France’s Macron announces strict national Covid-19 measures as hospitalizations loom – world latest news headlines

The measures will begin on Saturday and last at least a month, Macron said in a televised national address.

Under the “limited lockdown” curfew will remain in force, domestic travel will be limited and people will be asked to work from home. Macron said nurseries and primary and secondary schools would remain closed for at least three weeks.

He said the new variant, first discovered in the United Kingdom, has caused an “epidemic within an epidemic” and is more contagious and deadly.

The President said that about 44% of all Covid patients in intensive care units are under the age of 65. He stressed that France had made the “right choices” so far, but added that the vaccine has “intensified” over the past few weeks. and “Things have changed.”

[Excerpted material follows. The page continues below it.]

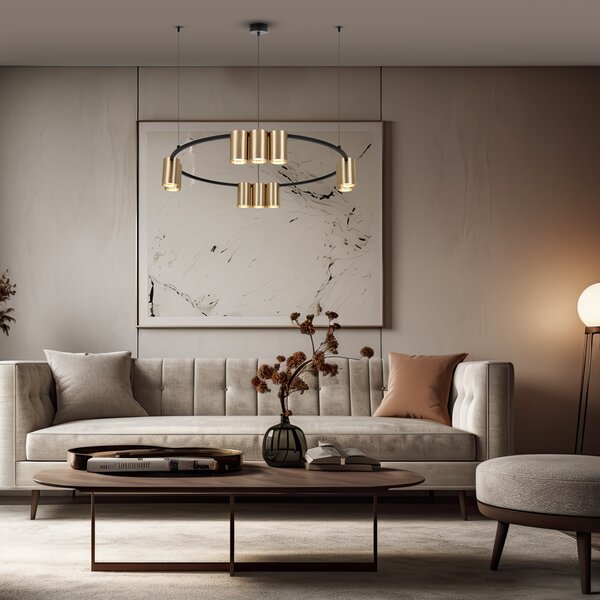 Viseća lampa (krug) GENESIS BLACK GOLD 10xGU10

Macron has faced increasing criticism over his approach to the present covid-19 surge. His administration has so far favored regional restrictions rather than strict national lockdowns imposed in other European countries against the advice of France’s Scientific Council.

In his televised address, Macron said France would extend the regional “reinforced slow-motion” restrictions, already in place in 19 regions of the country across France. The new rules will be in effect for four weeks from Saturday.

“If we choose to extend them to the entire metropolitan area, it is because no metropolitan area is spared anymore,” he said.

“In these last weeks we are facing a new situation. We have entered the race for speed,” he said. “That’s why we must prepare ourselves a new framework for the coming months,” Macron said.

The French president said schools would gradually reopen at the end of April for kindergartens and primary schools and from May 3 for middle and high schools.

Macron, who is up for re-election next year, justified his regional strategy by saying the country needs to consider the impacts on mental health and the economy in preparing a balanced response to the third wave.

But as of Tuesday, more than 28,000 people were being treated in hospital for Covid-19 in France, including 5,072 in intensive care units (ICUs), according to figures from the French health ministry. This is the first time since April last year that the number of patients in the ICU has exceeded 5,000.

More than 40 ICU and emergency doctors in Paris published an op-ed in the Journal du Dimanche newspaper on Sunday, warning that ICU capacity in the region will reach capacity in the next two weeks if restrictions are not tightened.

There are over 1,500 patients in ICUs in the Paris region alone.

The doctors wrote that they had “not experienced such a situation even during the worst terrorist attacks in recent years,” and that there was “a clear mismatch between the needs and available resources”, which they described as a “disaster”. described. mentioned in.

Most of Europe has struggled for control third wave of covid-19, partly inspired by new forms that preliminary studies suggest are more transmitted and potentially lethal than previous ones. Like many EU member states, France has launched a sluggish vaccination program, as pharmaceutical companies fell short of their distribution targets by the millions of vaccines.

Macron said last week that accelerating vaccination was a “national priority”, but he also acknowledged that European countries lack “ambition” around vaccine purchases.

Veterinarians and dentists have been allowed to administer Covid-19 vaccines from Friday to “speed up the campaign” in the country. More than 7.5 million people in France, about 11% of its population, have received at least one shot of the two-dose diet, government data shows.

CNN’s Martin Goilando and Lindsay Isaacs contributed to this report.